MODNet – A Trimap & Green Screen free Solution For Real-time Portrait Matting

MODNet is a matting decomposition network for sub-objective consistency(SOC) from a single input image in real-time under varying scene changes. It is designed on neural networks to be along with a self-supervised strategy and one-frame delay(OFD) to smooth portrait sequence. It is easy to implement as it's a trimap-free method and runs at 63fps.

In recent times, image/video editing has seen many new changes and advances such as background changes, efficient foreground detection, adding filters, enhancing image quality etc. From regular mobile cameras to social media, these things have gained much popularity.

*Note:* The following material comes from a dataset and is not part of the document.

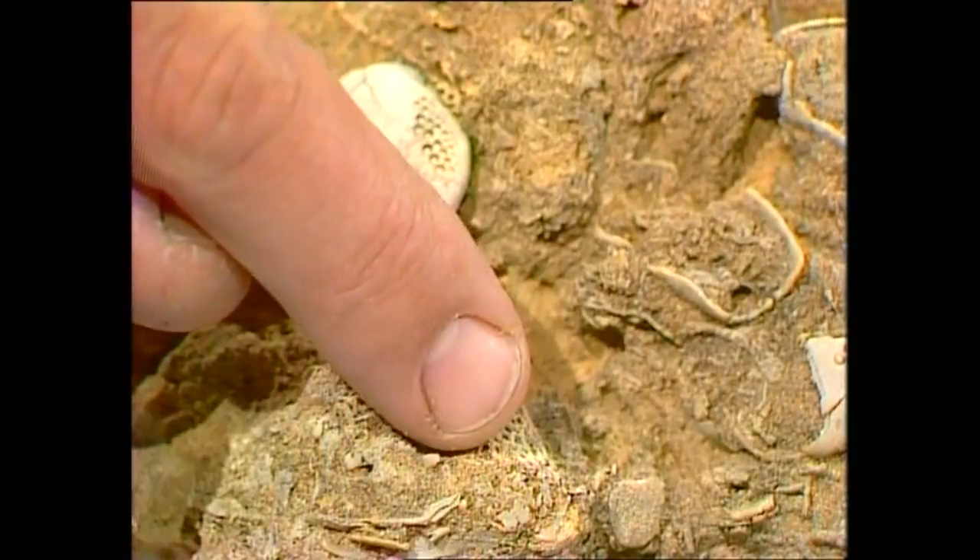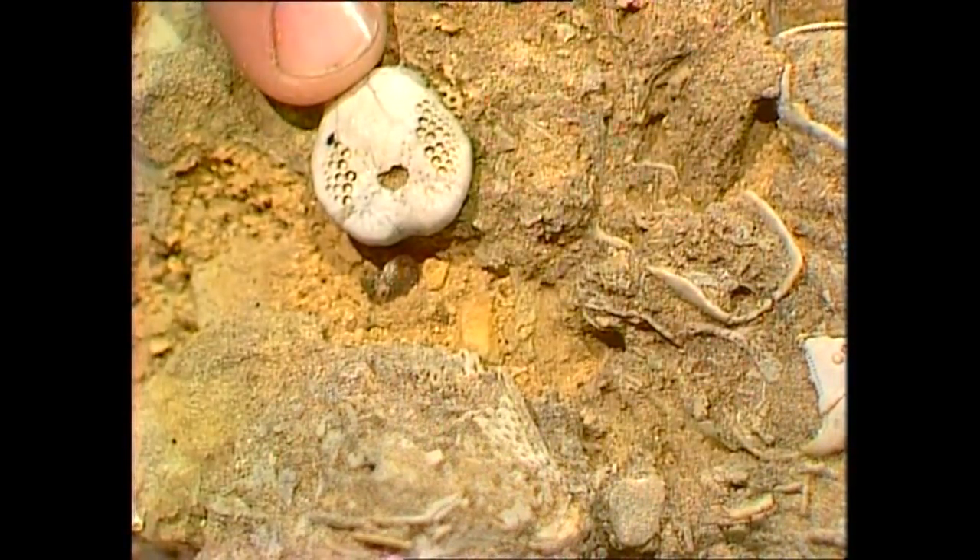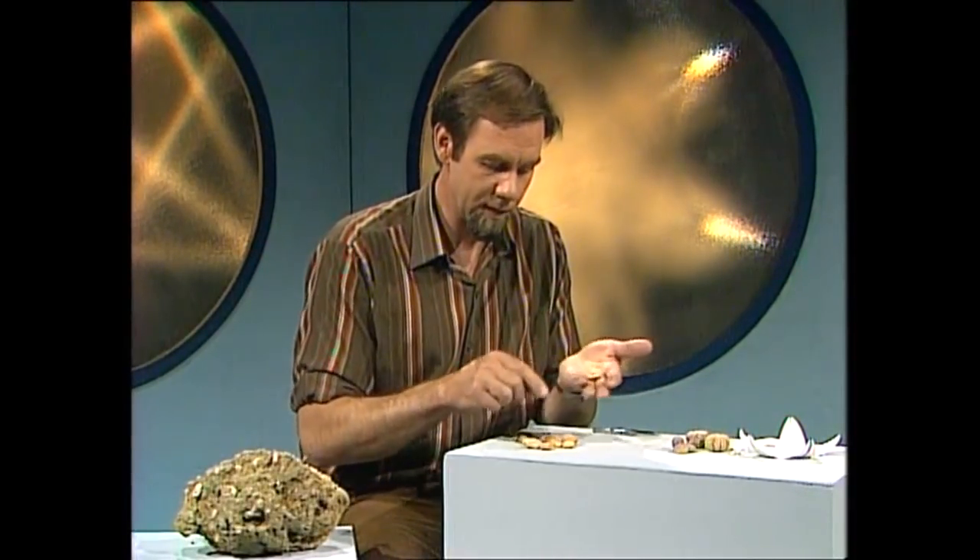There are bits of coral there, and there are fragments of shell, and there are many of these little things. In fact, they're fossil sea urchins. They're so plentiful that you can dig them out without doing any harm to anything, and you find they look like this.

Image/Digital Matting is a popular use case in computer vision. It refers to accurate foreground detection in images and video. The matte defines which pixels are to be present in the foreground, and which are to be in the background, and some pixels along the boundary or the blended region or semi-transparent regions the matte defines the mixture of foreground and background at each pixel, these pixels are called partial or mixed pixels. It is one of the key techniques used in film production for creating visual effects and has been constantly under research. It is different from image segmentation as there are no pixels in common for foreground and background; every pixel is identified separately. 

For portrait matting, some existing methods use a green screen to attain alpha values for blended regions. If this green screen is unavailable, a trimap is set. But trimap is costly and hard to set up. Therefore semantic estimation is needed for locating backgrounds to predict the alpha matte. Proposing a trimap free method will keep the foreground focus limited to humans only.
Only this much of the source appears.